[Records from a dataset]
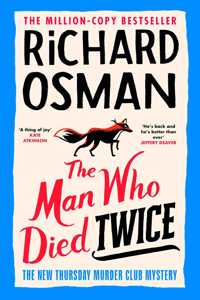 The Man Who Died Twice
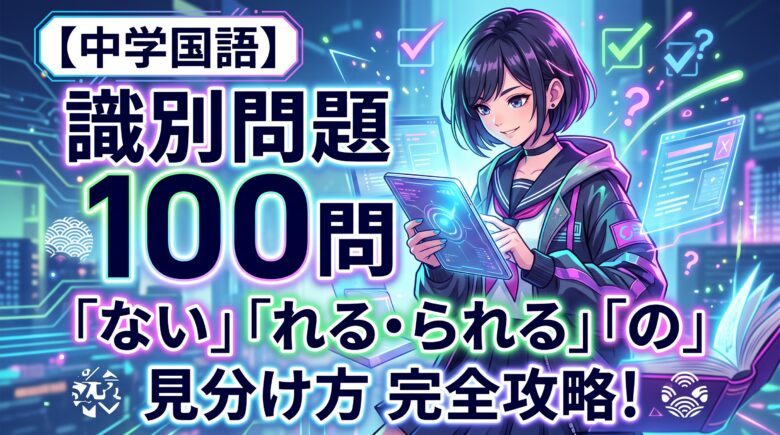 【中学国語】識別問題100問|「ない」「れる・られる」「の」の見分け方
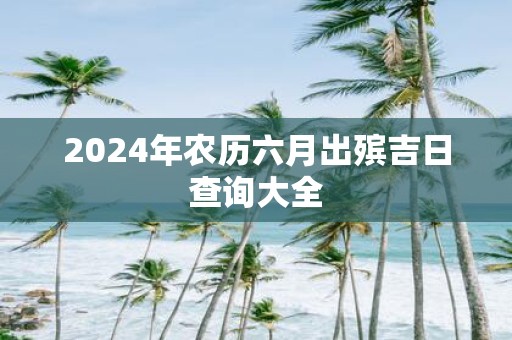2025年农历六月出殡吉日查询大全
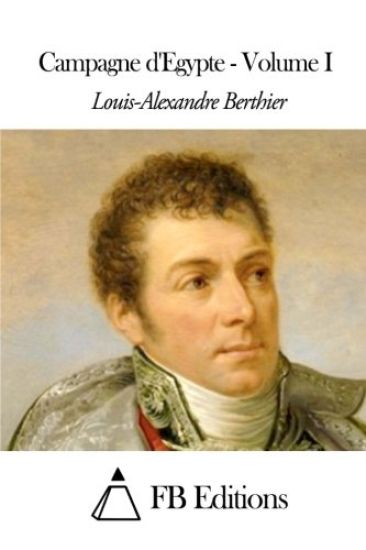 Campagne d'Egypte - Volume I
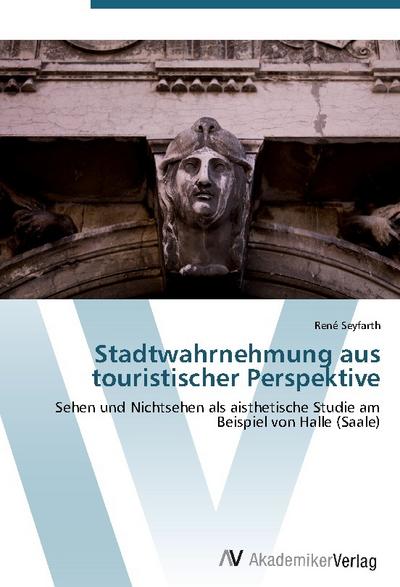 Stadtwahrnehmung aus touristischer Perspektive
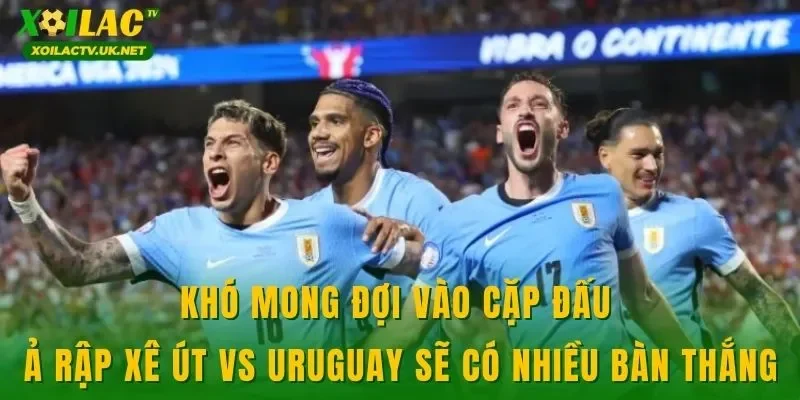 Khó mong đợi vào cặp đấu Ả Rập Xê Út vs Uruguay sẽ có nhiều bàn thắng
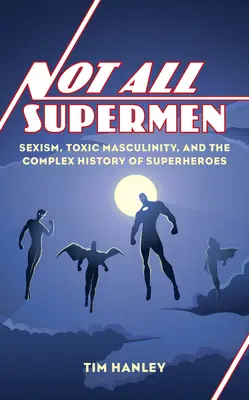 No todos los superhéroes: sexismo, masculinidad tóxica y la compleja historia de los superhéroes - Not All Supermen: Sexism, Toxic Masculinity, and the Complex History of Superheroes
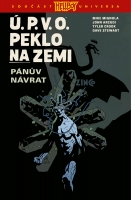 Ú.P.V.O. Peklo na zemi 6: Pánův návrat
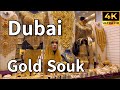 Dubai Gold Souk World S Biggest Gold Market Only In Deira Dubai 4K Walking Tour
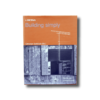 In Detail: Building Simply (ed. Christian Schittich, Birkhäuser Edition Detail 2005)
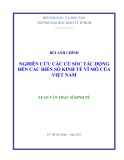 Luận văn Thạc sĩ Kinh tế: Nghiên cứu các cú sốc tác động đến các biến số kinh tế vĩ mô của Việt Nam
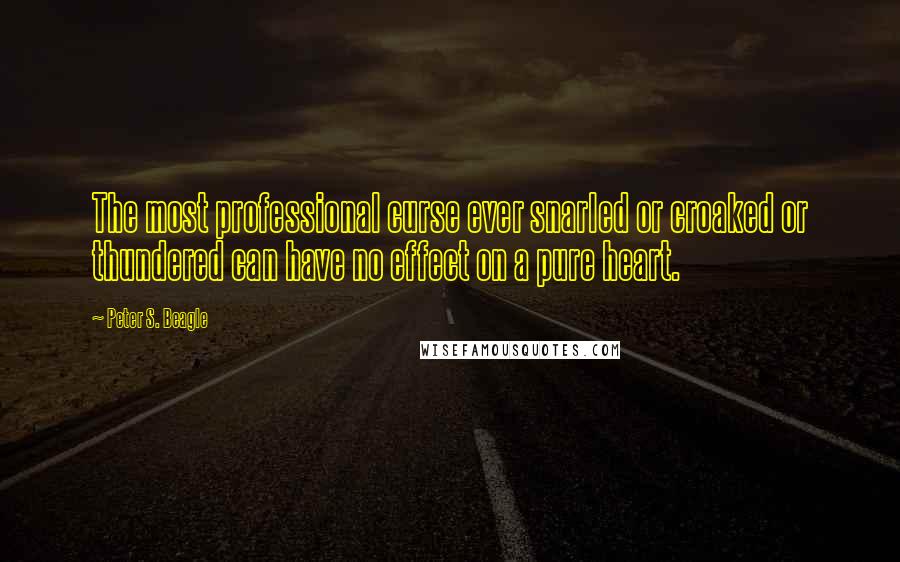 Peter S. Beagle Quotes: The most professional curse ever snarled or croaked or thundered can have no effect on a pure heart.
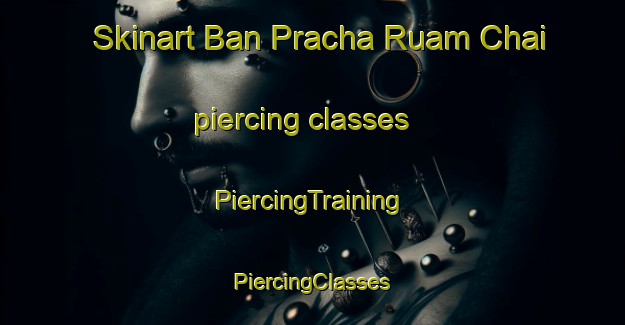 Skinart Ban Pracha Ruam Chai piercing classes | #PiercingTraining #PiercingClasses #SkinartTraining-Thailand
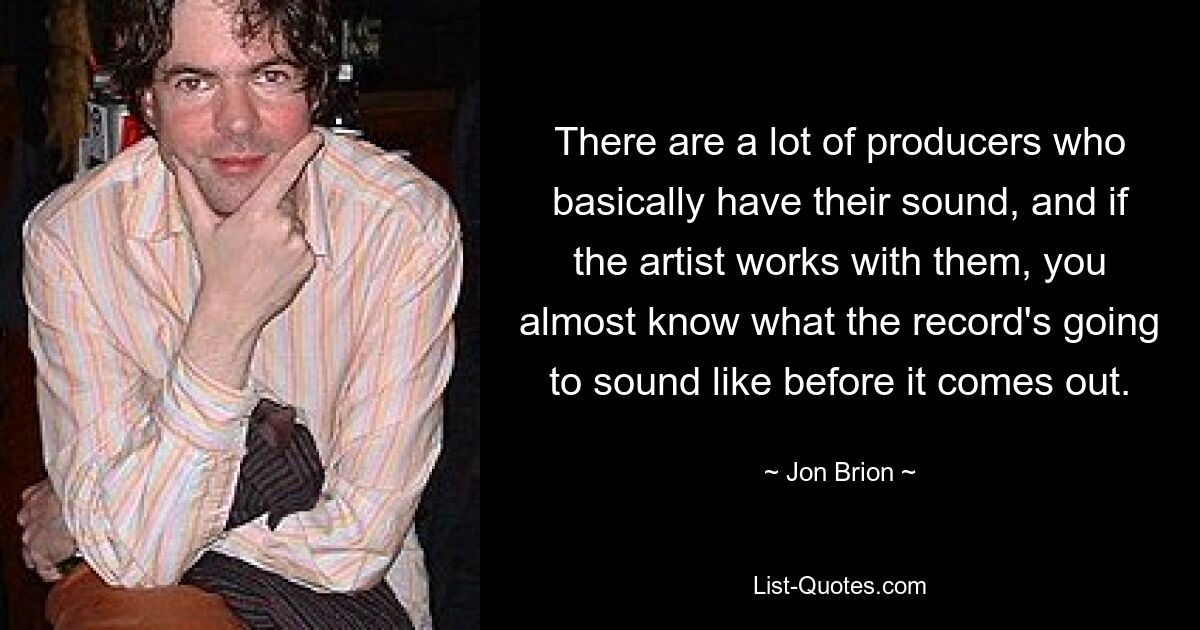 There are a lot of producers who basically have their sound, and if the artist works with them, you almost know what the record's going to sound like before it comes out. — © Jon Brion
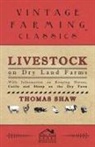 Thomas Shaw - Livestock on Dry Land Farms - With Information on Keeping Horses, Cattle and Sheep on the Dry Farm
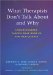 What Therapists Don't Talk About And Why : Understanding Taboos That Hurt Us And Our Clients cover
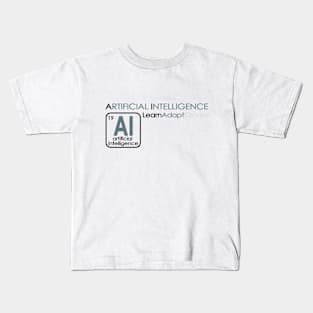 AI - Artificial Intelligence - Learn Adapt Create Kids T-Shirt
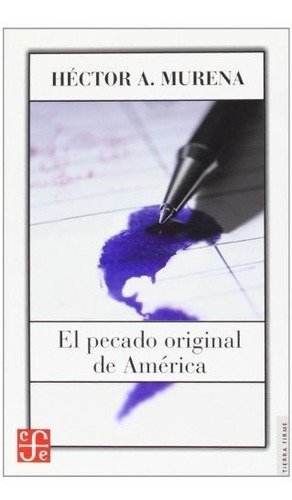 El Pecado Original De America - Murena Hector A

**Exercise goal**:
What belongs in the answer is each line above from the line with "Dubai Gold Souk" to the line with "AI - Artificial", inclusive, reproduced exactly and free of pictures.

**Your response**:
 Dubai Gold Souk World S Biggest Gold Market Only In Deira Dubai 4K Walking Tour
 In Detail: Building Simply (ed. Christian Schittich, Birkhäuser Edition Detail 2005)
 Luận văn Thạc sĩ Kinh tế: Nghiên cứu các cú sốc tác động đến các biến số kinh tế vĩ mô của Việt Nam
 Peter S. Beagle Quotes: The most professional curse ever snarled or croaked or thundered can have no effect on a pure heart.
 Skinart Ban Pracha Ruam Chai piercing classes | #PiercingTraining #PiercingClasses #SkinartTraining-Thailand
 There are a lot of producers who basically have their sound, and if the artist works with them, you almost know what the record's going to sound like before it comes out. — © Jon Brion
 Thomas Shaw - Livestock on Dry Land Farms - With Information on Keeping Horses, Cattle and Sheep on the Dry Farm
 What Therapists Don't Talk About And Why : Understanding Taboos That Hurt Us And Our Clients cover
 AI - Artificial Intelligence - Learn Adapt Create Kids T-Shirt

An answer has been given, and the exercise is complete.